> Data for processing:
[Start of section]

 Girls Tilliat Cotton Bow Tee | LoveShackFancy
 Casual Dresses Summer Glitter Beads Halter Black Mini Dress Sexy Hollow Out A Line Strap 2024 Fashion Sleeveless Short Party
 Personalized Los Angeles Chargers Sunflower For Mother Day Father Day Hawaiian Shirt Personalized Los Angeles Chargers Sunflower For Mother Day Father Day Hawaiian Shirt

[End of section]
[Start of section]

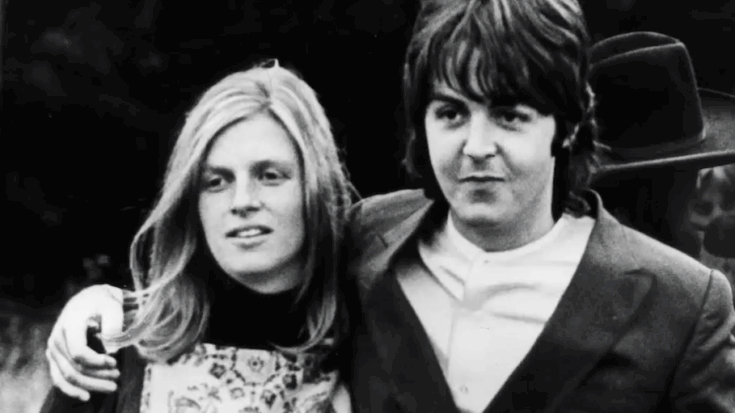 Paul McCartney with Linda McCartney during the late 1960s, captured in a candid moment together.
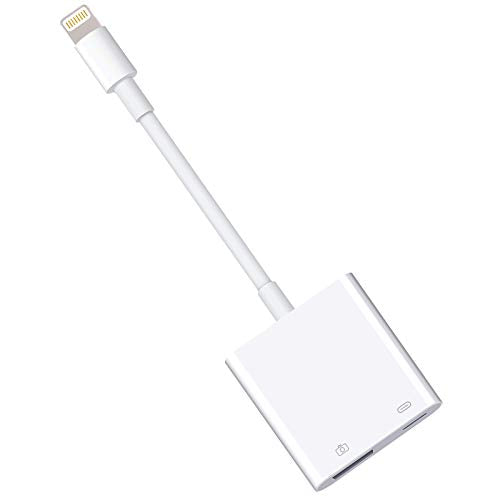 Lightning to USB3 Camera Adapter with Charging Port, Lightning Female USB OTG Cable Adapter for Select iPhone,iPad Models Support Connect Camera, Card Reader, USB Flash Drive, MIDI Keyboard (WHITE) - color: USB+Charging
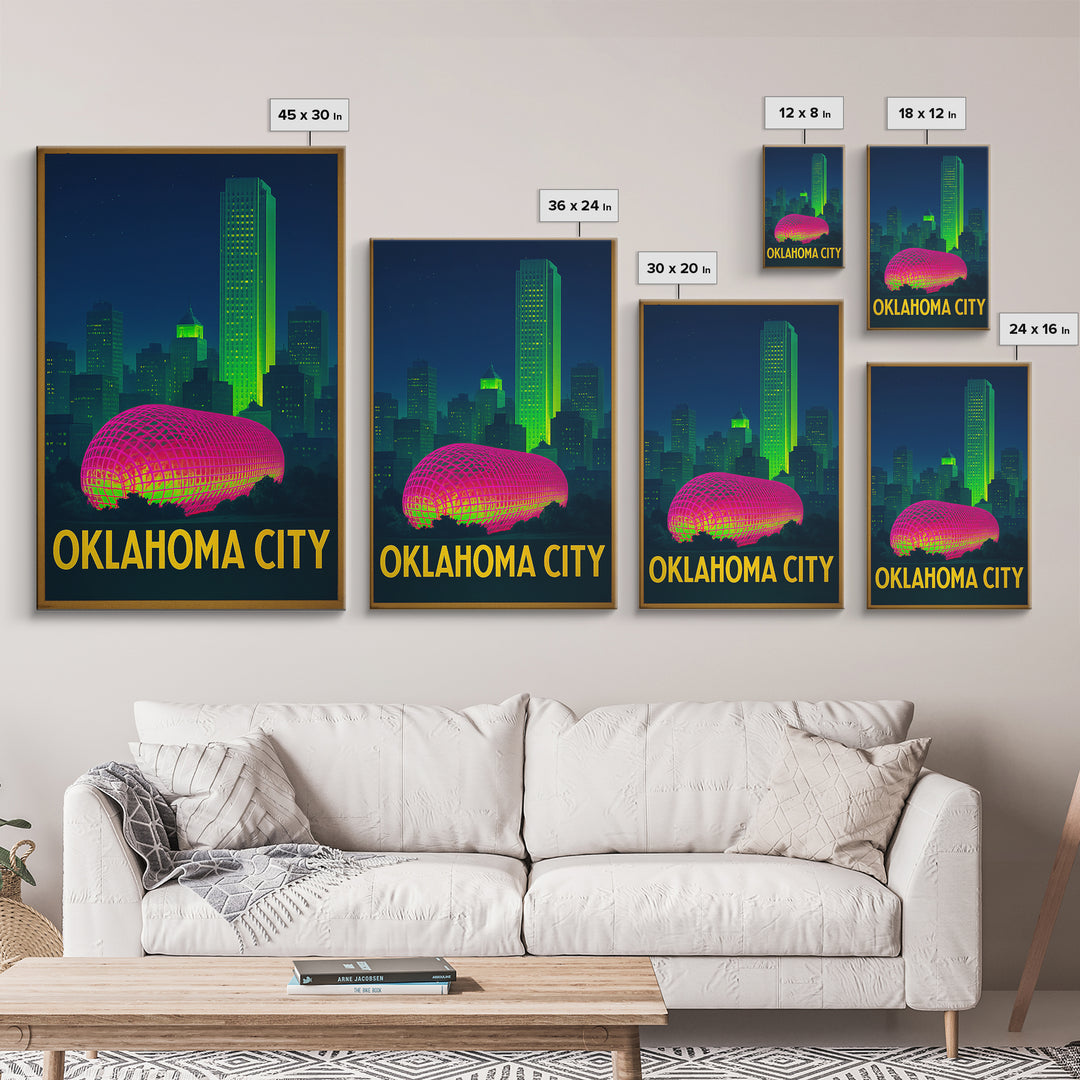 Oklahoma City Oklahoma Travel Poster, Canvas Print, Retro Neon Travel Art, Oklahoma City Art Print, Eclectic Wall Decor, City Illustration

[End of section]

> Directions: Repeat exactly the lines above from the one with "Girls Tilliat Cotton" up to and including the one with "Hawaiian Shirt Personalized". No other line belongs in the reply.

> Reply:
 Girls Tilliat Cotton Bow Tee | LoveShackFancy
 Casual Dresses Summer Glitter Beads Halter Black Mini Dress Sexy Hollow Out A Line Strap 2024 Fashion Sleeveless Short Party
 Personalized Los Angeles Chargers Sunflower For Mother Day Father Day Hawaiian Shirt Personalized Los Angeles Chargers Sunflower For Mother Day Father Day Hawaiian Shirt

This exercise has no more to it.